Frayn based most of the dialogue upon actual quoted words of the historical figures in question so as to capture their imaginations as accurately as possible. In this way readers can see Bohr's frustration with Heisenberg's naive youth come through. Considering himself Heisenberg's mentor, Bohr cannot stand to be surpassed. He knows that he has the superior mind developed through far greater experience.

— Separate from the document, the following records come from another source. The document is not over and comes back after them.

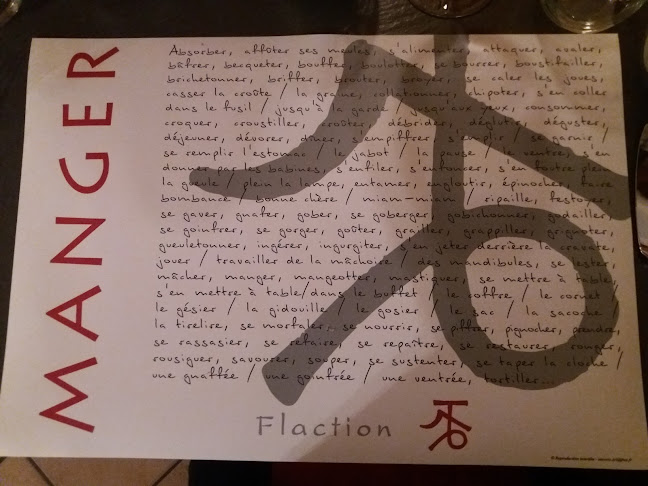 Opinii despre Buffet de la Gare în Saint-Pierre-de-Clages - Gastronomie und Hotellerie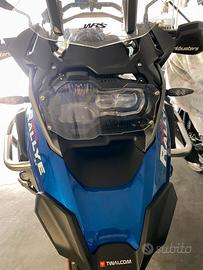 Protezione fanale Bmw Gs
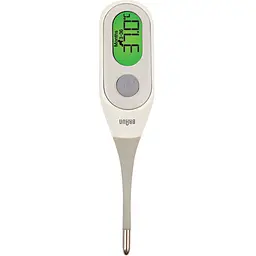 Термометр Braun PRT2000 [128437] - мініатюра 2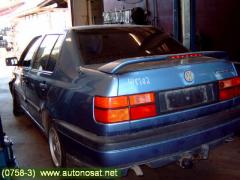 Volkswagen vento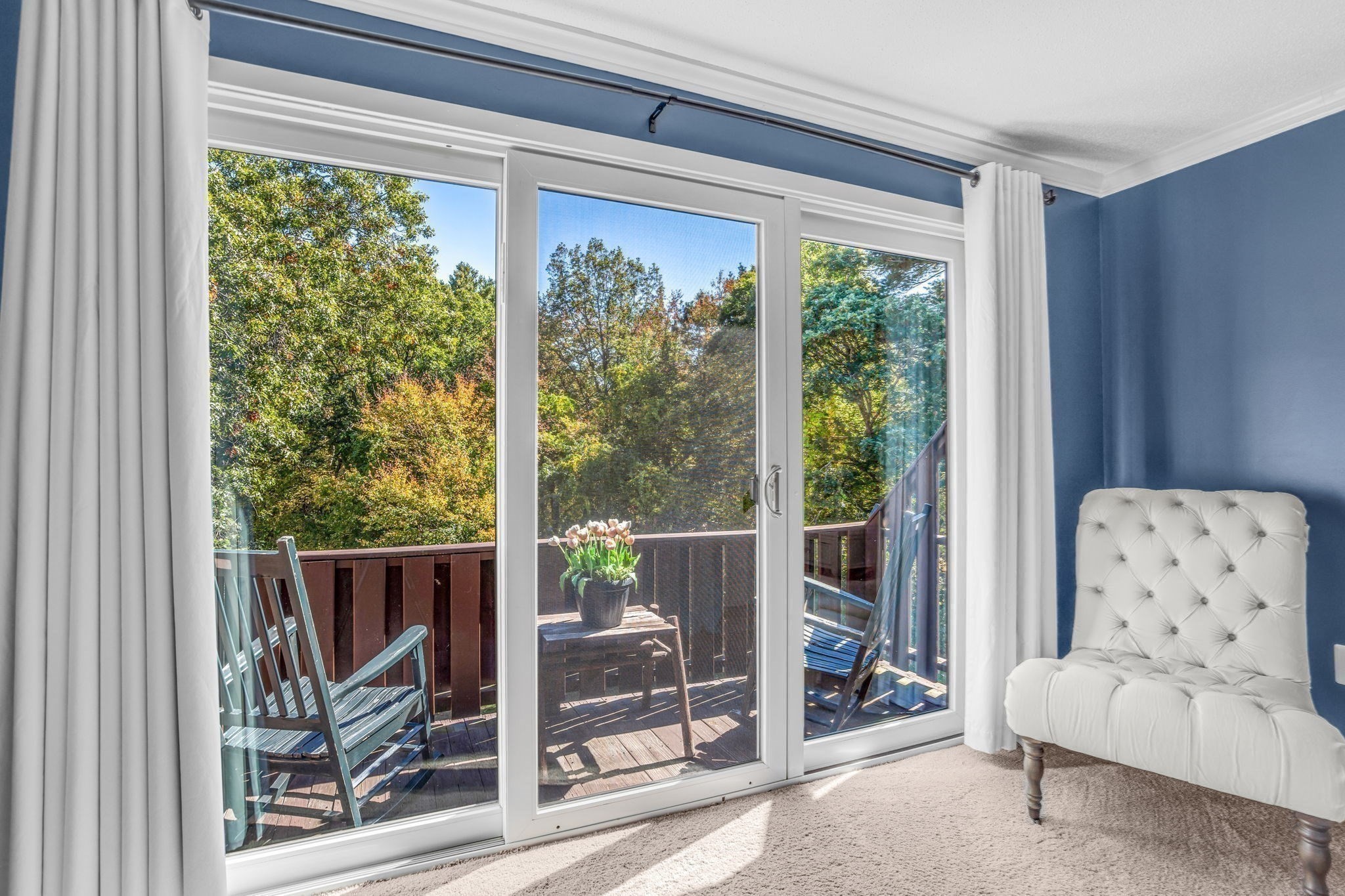 14 Hawthorne Village Unit D, Franklin, MA 02038 - Image 24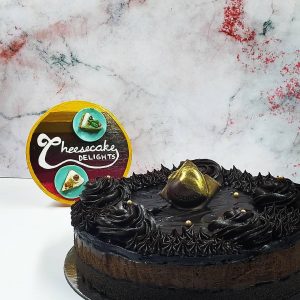 Buy Godiva Dark Chocolate Cheesecake in Pune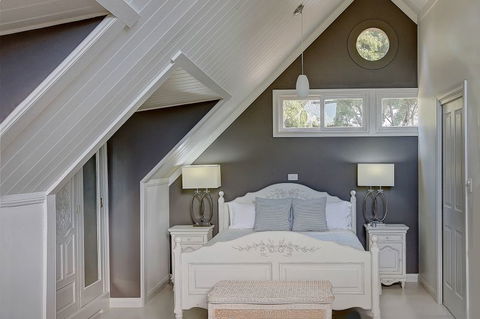 Evanslea - Hotel Accommodation 2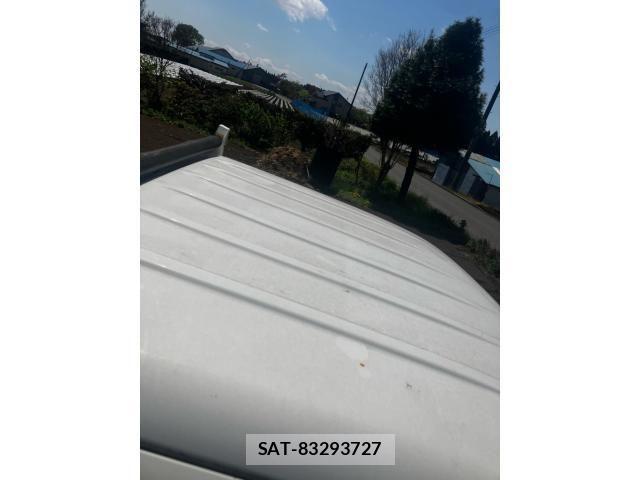 Subaru SAMBAR TRUCK 1997-01 6913651-6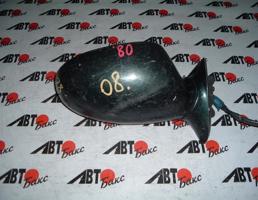 Зеркало правое для TOYOTA SOARER JZZ30/JZZ31/UZZ31/UZZ32  запчасти бу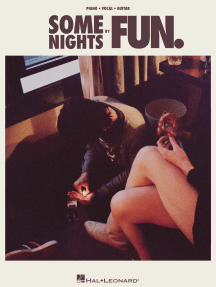fun. - Some Nights (Songbook)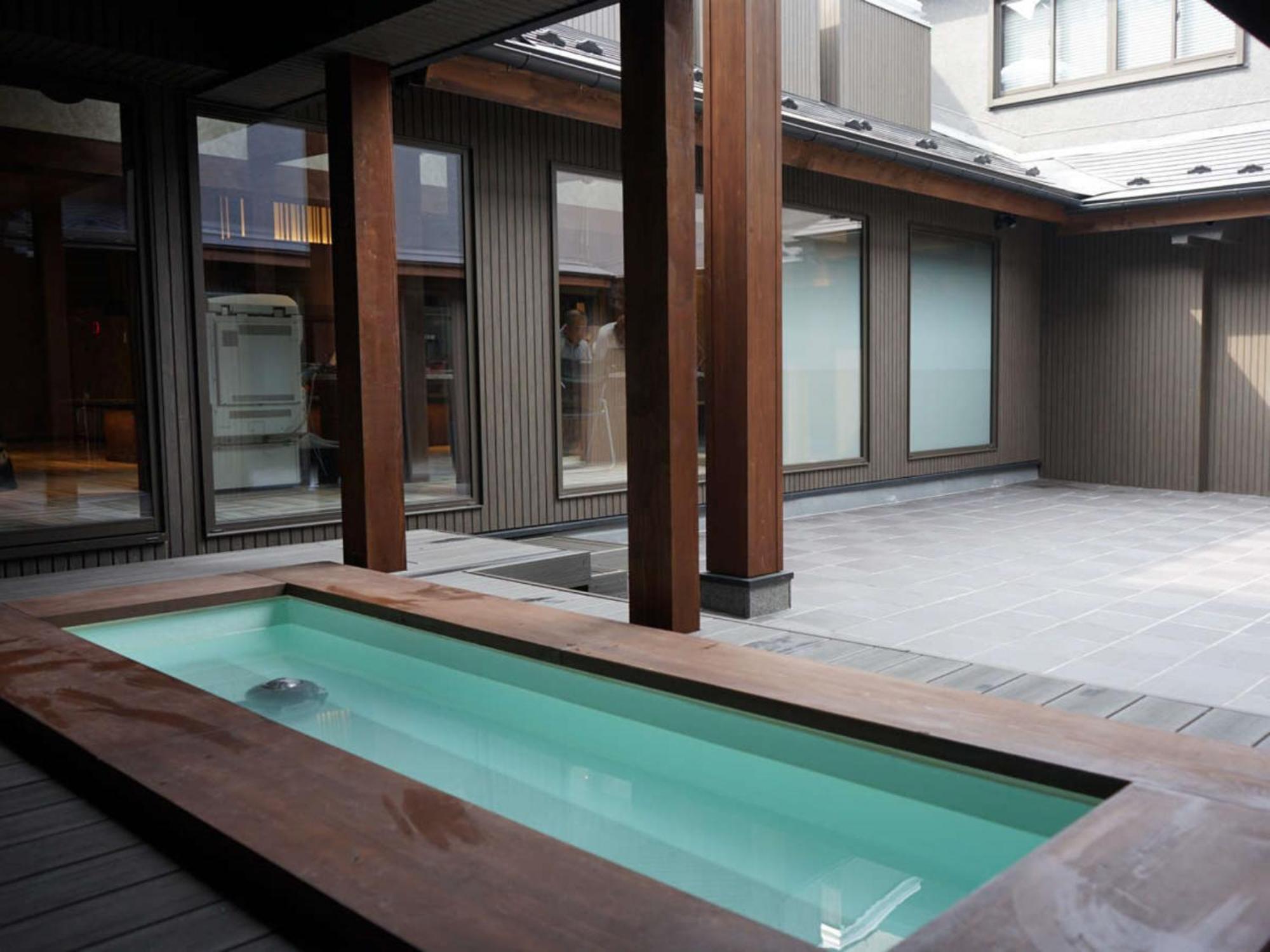 Hotel Gensen Ichinoyu Kusatsu  Zewnętrze zdjęcie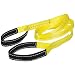 Keeper (02604 6' x 1" Lift Sling, 1 Ply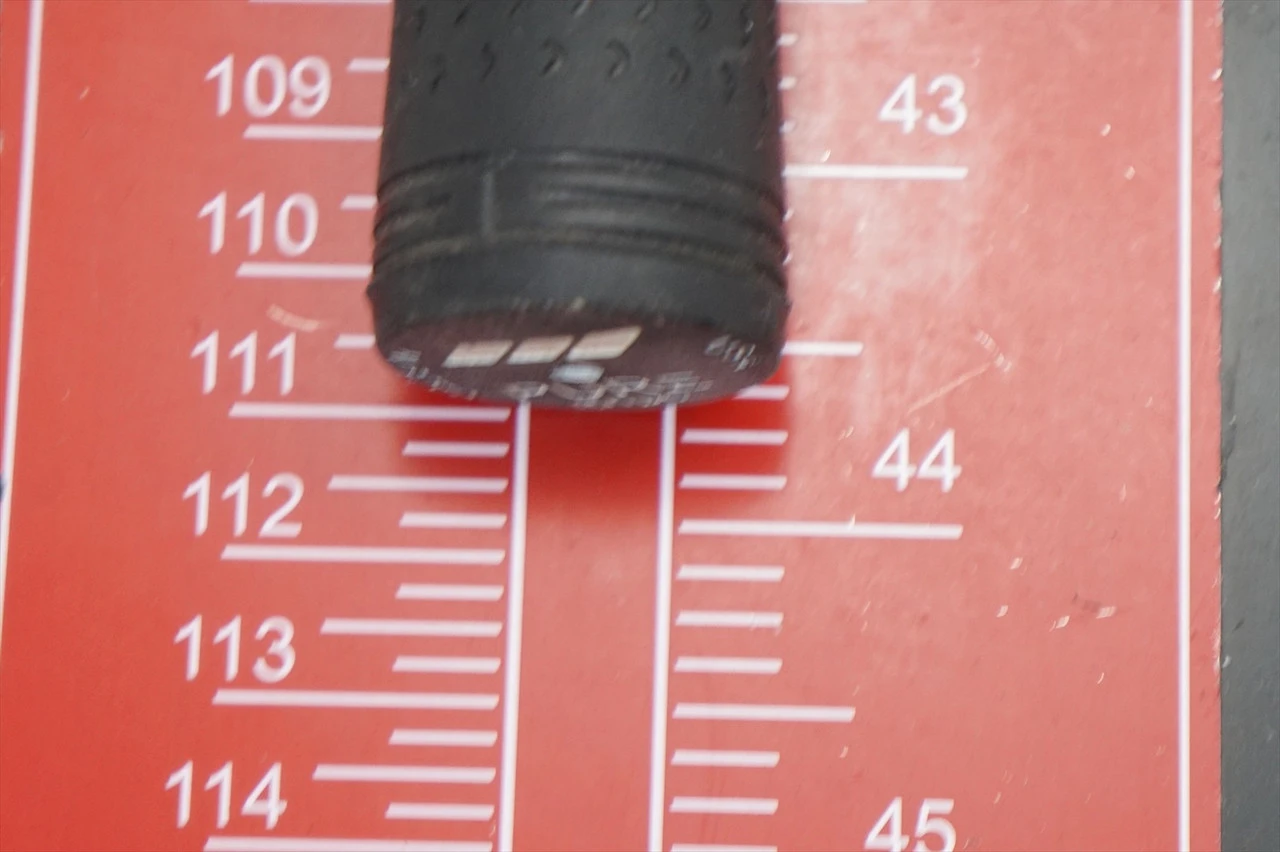 New Callaway Great Big Bertha 2015 15° 3 Fairway Wood Regular Accra Left Hand Lh 6 New Callaway Great Big Bertha 2015 15° 3 Fairway Wood Regular Accra Left Hand Lh - Image 6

“We have one set of obligations to the world in general, and we have other sets, never to be reconciled, to our fellow-country men, to our neighbors, to our friends, to our family to our children. We have to go through not two slits at the same time but twenty-two. All we can do is to look afterwards, and see what happened.”

Frayn

The characters are haunted by a discussion of responsibility, or obligation as here stated. They cannot find peace because they each believe that they are unwillingly responsible for the development of the atomic bomb and all its genocidal implications for mankind. In an attempt to mitigate their feelings of guilt they rationalize the measure of actual responsibility which one bears in any given sphere of life. They're looking for perfect clarity of perspective, object clarity if you will.

“Bohr: Before we can lay our hands on anything, our life’s over.
Heisenberg: Before we can glimpse who or what we are, we’re gone and laid to dust.
Bohr: Settled among all the dust we raised.
Margrethe: And sooner or later there will come a time when all our children are laid to dust, and all our children’s children.”

Various Characters

While dramatic, this quotation demonstrates the strongly experimental bent of the text. Characters finish each others sentences and drift in and out of conversations with themselves and others. Amid the confusion of the setting -- death, -- the protagonists are attempting to communicate the complex and despairing experience of being dead. They can see their entire lives laid out before them but are unable to change anything about those events.